When these giant empires imploded in the 1970s and 1980s, people began to see the weakness of the model. By the early 1970s the downgraded debt of conglomerates, known as "fallen angels," created the opportunity for a young bond trader, Michael Milken, to create a liquid market in high-yield "junk bonds." By the mid-'80s, Milken (who eventually went to jail for securities fraud) was using his network of financial institutions to back corporate raiders in junk-bond financed leveraged buyouts with the purpose of extracting as much money as possible from a company once it was taken over through layoffs of workers and by breaking up the company to sell it off in pieces.
Wall Street changed the way it made its money. Investment banks
turned their focus from supporting long-term corporate investment in
productive assets to trading corporate securities in search of higher
yields. The great casino was taking form. In 1971, NASDAQ was launched
as a national electronic market for generating price quotes on highly
speculative stocks.

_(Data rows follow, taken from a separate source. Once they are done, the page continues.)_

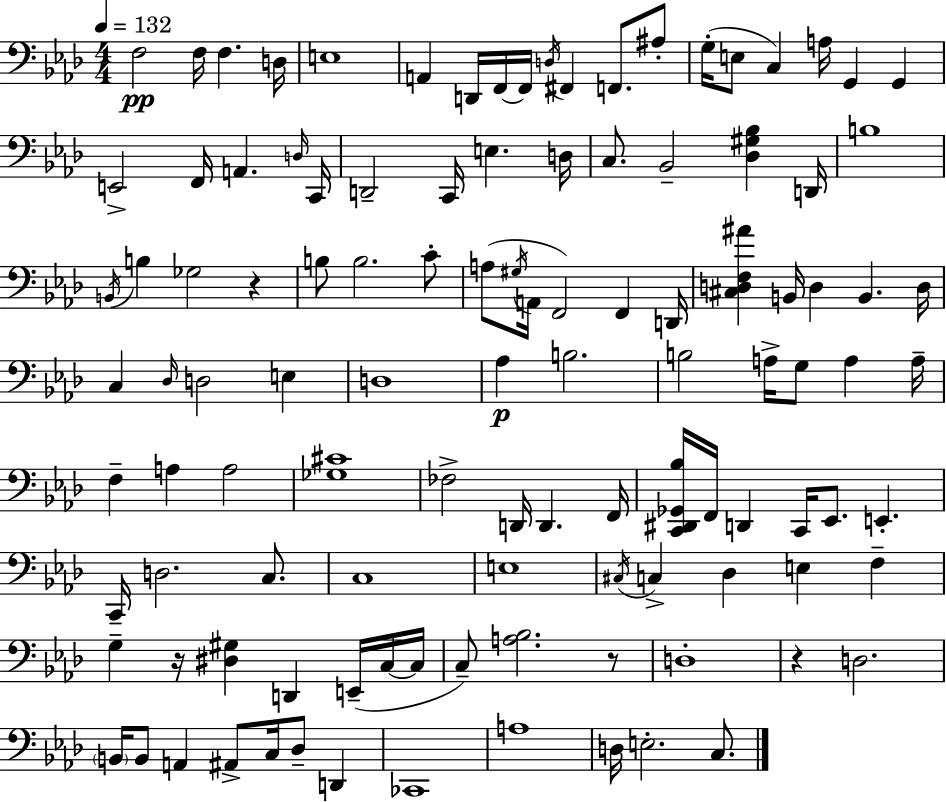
{
  \clef bass
  \numericTimeSignature
  \time 4/4
  \key aes \major
  \tempo 4 = 132
  f2\pp f16 f4. d16 | e1 | a,4 d,16 f,16~~ f,16 \acciaccatura { d16 } fis,4 f,8. ais8-. | g16-.( e8 c4) a16 g,4 g,4 | \break e,2-> f,16 a,4. | \grace { d16 } c,16 d,2-- c,16 e4. | d16 c8. bes,2-- <des gis bes>4 | d,16 b1 | \break \acciaccatura { b,16 } b4 ges2 r4 | b8 b2. | c'8-. a8( \acciaccatura { gis16 } a,16 f,2) f,4 | d,16 <cis d f ais'>4 b,16 d4 b,4. | \break d16 c4 \grace { des16 } d2 | e4 d1 | aes4\p b2. | b2 a16-> g8 | \break a4 a16-- f4-- a4 a2 | <ges cis'>1 | fes2-> d,16 d,4. | f,16 <c, dis, ges, bes>16 f,16 d,4 c,16 ees,8. e,4.-. | \break c,16-- d2. | c8. c1 | e1 | \acciaccatura { cis16 } c4-> des4 e4 | \break f4-- g4-- r16 <dis gis>4 d,4 | e,16--( c16~~ c16 c8--) <a bes>2. | r8 d1-. | r4 d2. | \break \parenthesize b,16 b,8 a,4 ais,8-> c16 | des8-- d,4 ces,1 | a1 | d16 e2.-. | \break c8. \bar "|."
}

The Employee Retirement Income Security Act of 1974
encouraged corporate pension funds to get into the game since inflation
had eroded household savings. In 1975, competition from NASDAQ led the
much more conservative New York Stock Exchange, which dated back to
1792, to end fixed commissions on stock transactions. This move only further encouraged stock market speculation by making it less costly for speculators to buy and sell.
William Lazonick is professor of economics and director of the UMass Center for Industrial Competitiveness. He is president of the Academic-Industry Research Network. His book, "Sustainable Prosperity in the New Economy? Business Organization and High-Tech Employment in the United States" (Upjohn Institute, 2009) won the 2010 Schumpeter Prize.- 2012 Independent Media Institute. All rights reserved.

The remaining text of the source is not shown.